- [WHAT NEEDS TO BE DONE]
Quote the data below in full, minus the images.

- [COLLECTED DATA]
-------

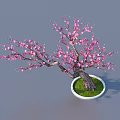 Potted Arbor Tree With Pink Blossoms Green Grass And White Pot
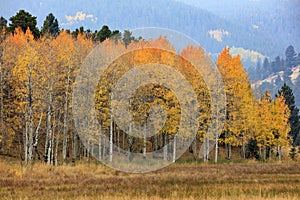 Orange Tipped Splendor, Aspen Trees In Fall, Colorado, USA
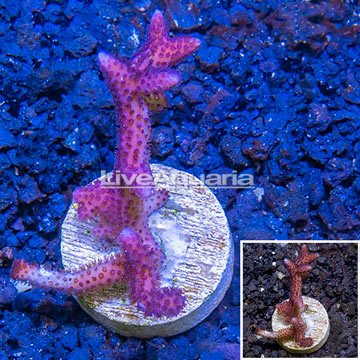 LiveAquaria® Cultured Birdsnest Coral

-------

- [YOUR RESPONSE]
 Potted Arbor Tree With Pink Blossoms Green Grass And White Pot
 Orange Tipped Splendor, Aspen Trees In Fall, Colorado, USA
 LiveAquaria® Cultured Birdsnest Coral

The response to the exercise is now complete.